Ich freue mich, dass er jetzt auch auf Deutsch übersetzt wurde.
Ich mag diese Art von Schreibstil wirklich gerne, die Sprache ist so dicht und kraftvoll, dass es gar nicht viele Seiten braucht und trotzdem bewegend und berührend ist.
Liebe Grüße, Anja
Liebe Anja, so weit ich das beurteilen kann, ist auch die Übersetzung sehr gut gelungen. Das ist bei solch lyrischen Werken ja ganz entscheidend. Wirklich ein tolles Buch einer Autorin, die ich bislang nicht kannte. Viele Grüße und schöne Ostertage, Petra
Das freut mich, dass Du den Roman auch so sehr lobst – eine schöne Besprechung!
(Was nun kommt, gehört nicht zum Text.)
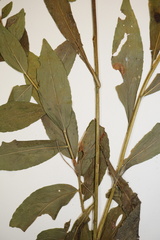 Solidago latissimifolia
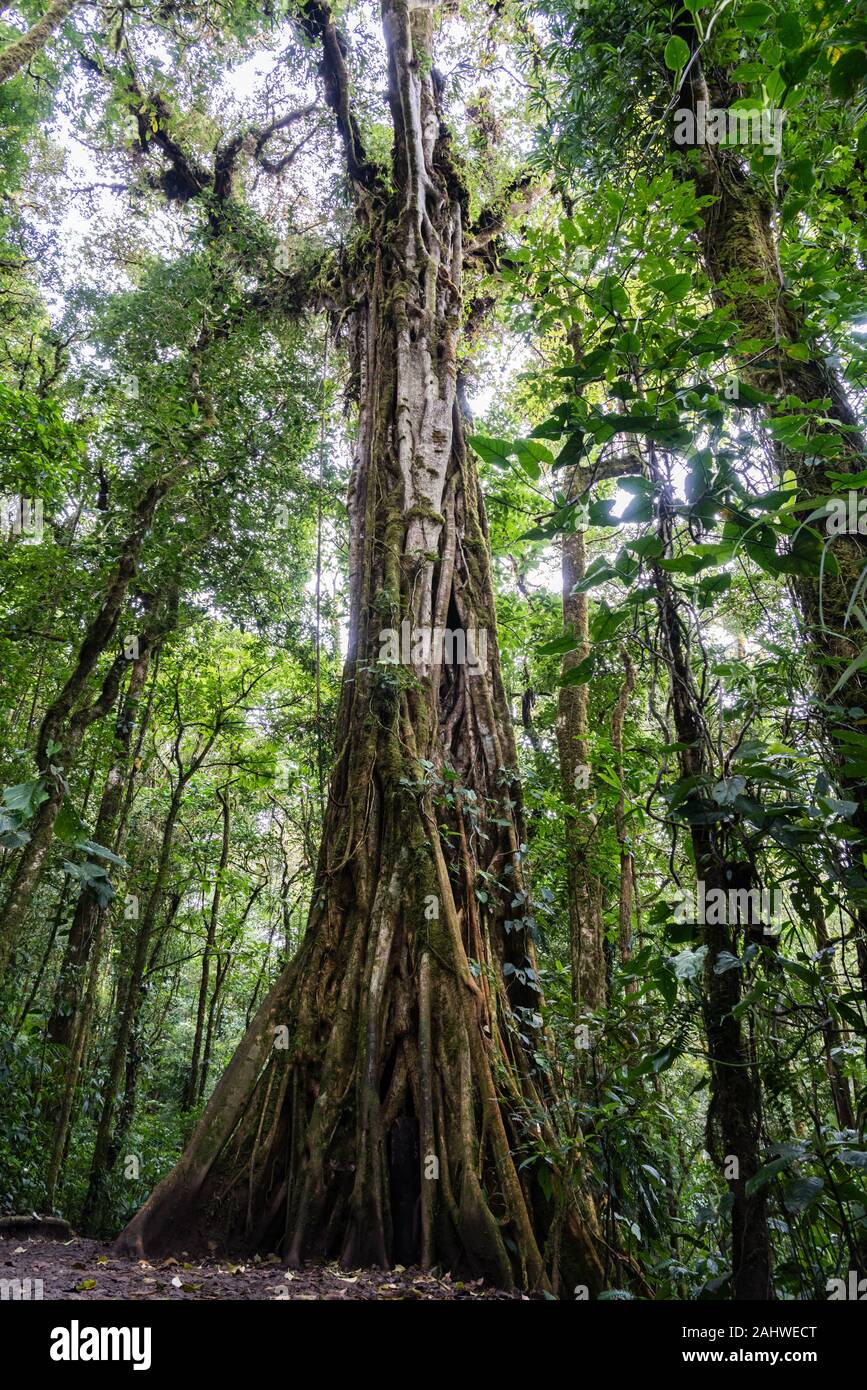 Strangler fig intorno ad un albero ospite morto nella riserva della foresta di Monteverde Cloud, Costa Rica Foto Stock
Ja, sorgfältig durchkomponiert und sehr poetisch, so empfand ich ihn auch, wirklich ein sehr schönes Stück Literatur.
Und danke für den Link!
Viele Grüße, Birgit
Das ist ganz gewiss ein Buch, das ich sehr gerne lesen möchte, denn 1969/70 war ich selbst zum ersten Mal in den USA, und New York (aber nicht nur New York) erschreckte mich.
Das andere …
Ich glaube, von jedem Ort gibt es „einen anderen“. Vielleicht kennt man überhaupt keinen Ort wirklich, weil man ihn mit den Augen aller Menschen, die ich jemals gesehen haben, sehen müsste, um ihn zu kennen. Vielleicht würde diese Erkenntnis uns von der Vorstellung heilen, dass uns ein Ort gehört, und dass wir das Recht haben, andere von dort zu vertreiben.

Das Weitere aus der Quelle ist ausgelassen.